Americans are not a naturally gloomy people. We don’t necessarily expect things to go our way, but when they don’t, we can laugh it off. In my part of Vermont there’s a place called Hateful Hill, for example, so-named by stagecoach drivers who had a tough time with the steep road. But Hateful Hill is also a beautiful elevation.
Today, even those who don’t “get” Donald Trump need to start seeing the upside. He doesn’t always get his way, which is probably a good thing, but he is leading a long-overdue revival of the American spirit and allowing for the return of optimism and the pursuit of excellence.
Among the 130 executive orders (EOs) Trump has issued so far are eight that pick away at the Diversity, Equity and Inclusion (DEI) regime that had settled on the American psyche like volcanic ash.
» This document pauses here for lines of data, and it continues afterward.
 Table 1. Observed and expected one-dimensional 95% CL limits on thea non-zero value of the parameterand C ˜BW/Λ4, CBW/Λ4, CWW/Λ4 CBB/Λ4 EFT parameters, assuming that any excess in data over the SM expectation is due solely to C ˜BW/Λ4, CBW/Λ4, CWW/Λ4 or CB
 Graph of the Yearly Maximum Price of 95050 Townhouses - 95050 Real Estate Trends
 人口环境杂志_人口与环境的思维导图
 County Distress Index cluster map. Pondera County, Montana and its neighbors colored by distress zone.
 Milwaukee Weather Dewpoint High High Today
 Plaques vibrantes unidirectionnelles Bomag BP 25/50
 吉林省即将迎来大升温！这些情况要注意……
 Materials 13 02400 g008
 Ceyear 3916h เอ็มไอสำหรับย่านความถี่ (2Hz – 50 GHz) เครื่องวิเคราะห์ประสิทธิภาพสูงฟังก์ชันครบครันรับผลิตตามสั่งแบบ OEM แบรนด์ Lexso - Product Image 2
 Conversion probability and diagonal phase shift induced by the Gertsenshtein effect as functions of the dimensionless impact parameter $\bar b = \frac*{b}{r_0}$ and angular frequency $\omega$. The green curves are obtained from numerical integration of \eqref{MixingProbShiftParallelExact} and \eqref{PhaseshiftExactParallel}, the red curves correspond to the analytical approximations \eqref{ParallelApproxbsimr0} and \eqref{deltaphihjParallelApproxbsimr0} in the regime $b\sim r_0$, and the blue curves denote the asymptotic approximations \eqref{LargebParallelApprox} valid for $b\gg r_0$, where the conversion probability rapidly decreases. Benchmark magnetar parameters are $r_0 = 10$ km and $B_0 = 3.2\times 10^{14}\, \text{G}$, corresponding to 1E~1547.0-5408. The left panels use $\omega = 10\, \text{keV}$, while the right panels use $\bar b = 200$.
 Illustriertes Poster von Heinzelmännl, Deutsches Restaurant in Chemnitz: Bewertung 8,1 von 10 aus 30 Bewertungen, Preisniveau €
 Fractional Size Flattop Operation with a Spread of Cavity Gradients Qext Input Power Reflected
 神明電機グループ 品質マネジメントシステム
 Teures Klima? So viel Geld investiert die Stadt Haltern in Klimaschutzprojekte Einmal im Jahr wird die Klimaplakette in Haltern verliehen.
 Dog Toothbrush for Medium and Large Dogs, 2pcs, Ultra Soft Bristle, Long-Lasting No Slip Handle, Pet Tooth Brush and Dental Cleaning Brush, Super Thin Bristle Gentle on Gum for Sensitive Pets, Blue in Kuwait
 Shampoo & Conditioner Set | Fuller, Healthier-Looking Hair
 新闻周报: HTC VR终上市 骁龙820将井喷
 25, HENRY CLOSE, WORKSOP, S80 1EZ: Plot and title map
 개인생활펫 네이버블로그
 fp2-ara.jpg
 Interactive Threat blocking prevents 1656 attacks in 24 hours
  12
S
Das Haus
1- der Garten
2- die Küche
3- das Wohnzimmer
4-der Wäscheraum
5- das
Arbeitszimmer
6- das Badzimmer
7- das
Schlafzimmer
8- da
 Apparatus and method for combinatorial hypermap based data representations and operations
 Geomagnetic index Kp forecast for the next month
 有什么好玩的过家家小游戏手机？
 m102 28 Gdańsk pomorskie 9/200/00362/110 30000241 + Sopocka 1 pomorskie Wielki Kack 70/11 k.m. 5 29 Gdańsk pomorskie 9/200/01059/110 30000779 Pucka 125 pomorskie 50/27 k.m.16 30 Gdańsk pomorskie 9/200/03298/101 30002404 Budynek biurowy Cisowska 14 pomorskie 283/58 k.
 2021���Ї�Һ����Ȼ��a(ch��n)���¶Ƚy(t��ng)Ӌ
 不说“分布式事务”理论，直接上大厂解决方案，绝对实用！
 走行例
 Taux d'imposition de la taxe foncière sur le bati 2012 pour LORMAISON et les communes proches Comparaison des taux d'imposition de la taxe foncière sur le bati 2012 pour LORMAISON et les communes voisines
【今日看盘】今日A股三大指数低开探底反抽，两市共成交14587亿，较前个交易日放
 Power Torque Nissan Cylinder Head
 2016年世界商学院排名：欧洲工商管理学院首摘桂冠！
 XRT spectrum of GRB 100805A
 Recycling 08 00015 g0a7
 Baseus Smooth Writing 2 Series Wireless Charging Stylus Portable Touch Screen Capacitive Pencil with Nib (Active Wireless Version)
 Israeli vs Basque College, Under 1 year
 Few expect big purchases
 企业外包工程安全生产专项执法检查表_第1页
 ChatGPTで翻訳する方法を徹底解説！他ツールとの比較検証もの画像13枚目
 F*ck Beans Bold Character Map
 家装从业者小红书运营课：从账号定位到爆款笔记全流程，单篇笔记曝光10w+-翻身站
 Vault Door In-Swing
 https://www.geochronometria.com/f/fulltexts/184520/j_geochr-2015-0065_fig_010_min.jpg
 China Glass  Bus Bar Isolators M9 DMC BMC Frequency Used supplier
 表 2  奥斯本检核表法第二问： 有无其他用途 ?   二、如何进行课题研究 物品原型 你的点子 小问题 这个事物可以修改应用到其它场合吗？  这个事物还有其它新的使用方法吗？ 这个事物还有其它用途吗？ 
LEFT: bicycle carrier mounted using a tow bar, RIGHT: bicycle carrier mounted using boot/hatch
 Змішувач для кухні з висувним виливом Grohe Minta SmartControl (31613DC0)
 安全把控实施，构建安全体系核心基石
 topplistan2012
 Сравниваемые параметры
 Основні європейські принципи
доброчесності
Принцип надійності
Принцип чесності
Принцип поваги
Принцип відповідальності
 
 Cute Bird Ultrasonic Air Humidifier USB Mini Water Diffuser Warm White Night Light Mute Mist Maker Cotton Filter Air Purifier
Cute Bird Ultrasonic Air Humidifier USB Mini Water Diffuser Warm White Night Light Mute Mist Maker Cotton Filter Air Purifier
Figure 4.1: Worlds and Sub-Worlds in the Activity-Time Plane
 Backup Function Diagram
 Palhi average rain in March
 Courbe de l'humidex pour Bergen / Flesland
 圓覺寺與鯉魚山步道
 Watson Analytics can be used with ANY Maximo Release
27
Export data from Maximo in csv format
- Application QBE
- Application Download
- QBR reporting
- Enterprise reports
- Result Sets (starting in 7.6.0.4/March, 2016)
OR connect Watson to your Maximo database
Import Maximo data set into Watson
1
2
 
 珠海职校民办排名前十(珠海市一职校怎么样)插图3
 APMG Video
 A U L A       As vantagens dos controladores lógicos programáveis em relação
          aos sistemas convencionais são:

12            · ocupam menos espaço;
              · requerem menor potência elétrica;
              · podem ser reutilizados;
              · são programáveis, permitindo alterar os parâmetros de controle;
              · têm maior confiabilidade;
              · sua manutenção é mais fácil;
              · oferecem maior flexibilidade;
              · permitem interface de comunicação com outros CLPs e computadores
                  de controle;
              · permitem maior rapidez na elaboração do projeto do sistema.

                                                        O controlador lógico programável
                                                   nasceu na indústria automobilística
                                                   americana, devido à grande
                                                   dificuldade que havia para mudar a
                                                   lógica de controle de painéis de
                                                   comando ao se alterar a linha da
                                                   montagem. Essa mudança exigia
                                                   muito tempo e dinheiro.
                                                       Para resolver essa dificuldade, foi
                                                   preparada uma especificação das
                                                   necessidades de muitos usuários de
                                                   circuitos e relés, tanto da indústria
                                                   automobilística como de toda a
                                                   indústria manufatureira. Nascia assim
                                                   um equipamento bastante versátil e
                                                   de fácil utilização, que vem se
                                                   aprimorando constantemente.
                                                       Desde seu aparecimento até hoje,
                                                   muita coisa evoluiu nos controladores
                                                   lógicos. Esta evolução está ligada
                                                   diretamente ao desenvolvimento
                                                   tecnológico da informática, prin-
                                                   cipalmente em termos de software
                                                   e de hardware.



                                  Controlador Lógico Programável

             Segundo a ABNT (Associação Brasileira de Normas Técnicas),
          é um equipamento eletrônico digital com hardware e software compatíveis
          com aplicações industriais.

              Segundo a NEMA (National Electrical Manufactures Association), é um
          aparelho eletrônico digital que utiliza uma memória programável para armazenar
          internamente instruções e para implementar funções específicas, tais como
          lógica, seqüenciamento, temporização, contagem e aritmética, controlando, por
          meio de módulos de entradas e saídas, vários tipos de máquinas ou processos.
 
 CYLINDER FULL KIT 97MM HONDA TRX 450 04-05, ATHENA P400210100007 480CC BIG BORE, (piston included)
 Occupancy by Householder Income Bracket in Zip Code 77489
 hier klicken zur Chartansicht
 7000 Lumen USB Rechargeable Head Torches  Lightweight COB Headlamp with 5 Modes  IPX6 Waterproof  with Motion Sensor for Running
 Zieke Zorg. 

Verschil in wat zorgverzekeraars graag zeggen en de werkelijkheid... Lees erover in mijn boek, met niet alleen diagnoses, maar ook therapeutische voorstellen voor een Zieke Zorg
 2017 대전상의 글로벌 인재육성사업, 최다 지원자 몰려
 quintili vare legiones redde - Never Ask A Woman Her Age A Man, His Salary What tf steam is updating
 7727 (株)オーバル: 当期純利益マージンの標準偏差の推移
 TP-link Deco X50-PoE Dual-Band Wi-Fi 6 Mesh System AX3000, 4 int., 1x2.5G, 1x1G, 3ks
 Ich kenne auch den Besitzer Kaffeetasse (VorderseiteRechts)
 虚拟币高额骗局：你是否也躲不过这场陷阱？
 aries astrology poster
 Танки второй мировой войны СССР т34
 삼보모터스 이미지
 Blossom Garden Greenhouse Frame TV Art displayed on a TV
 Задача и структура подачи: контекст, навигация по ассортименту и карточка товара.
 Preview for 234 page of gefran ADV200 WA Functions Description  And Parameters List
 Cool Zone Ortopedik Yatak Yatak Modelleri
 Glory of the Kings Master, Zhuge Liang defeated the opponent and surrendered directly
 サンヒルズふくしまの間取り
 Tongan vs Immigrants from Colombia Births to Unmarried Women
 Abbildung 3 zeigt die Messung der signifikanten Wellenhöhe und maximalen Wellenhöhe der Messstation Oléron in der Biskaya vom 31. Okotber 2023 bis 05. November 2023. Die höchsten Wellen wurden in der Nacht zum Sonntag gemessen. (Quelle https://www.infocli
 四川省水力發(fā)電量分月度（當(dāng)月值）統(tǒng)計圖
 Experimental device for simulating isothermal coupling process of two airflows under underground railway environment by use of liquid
One of those EOs, #14151, “Ending Radical and Wasteful Government Programs and Preferencing,” directs federal agencies to terminate grants and contracts for programs that advance DEI. That includes universities that have entangled their research with the ideology that science, along with everything else, is riddled with “systemic racism.”
EO #14173, “Ending Illegal Discrimination and Restoring Merit-Based Opportunity,” bans DEI efforts in the federal government and among federal contractors, e.g. universities. EO #14190, “Ending Radical Indoctrination in K-12 Schooling,” ends federal funding for schools that teach DEI and calls instead for programs that “instill a patriotic admiration for our incredible Nation and the values for which we stand.”
Executive orders are not magic wands that instantly transform reality. Schools, colleges and associations that are committed to DEI fight back. But the EOs have galvanized a broad swath of Americans who detest the DEI regime but until now have felt helpless to fight against it.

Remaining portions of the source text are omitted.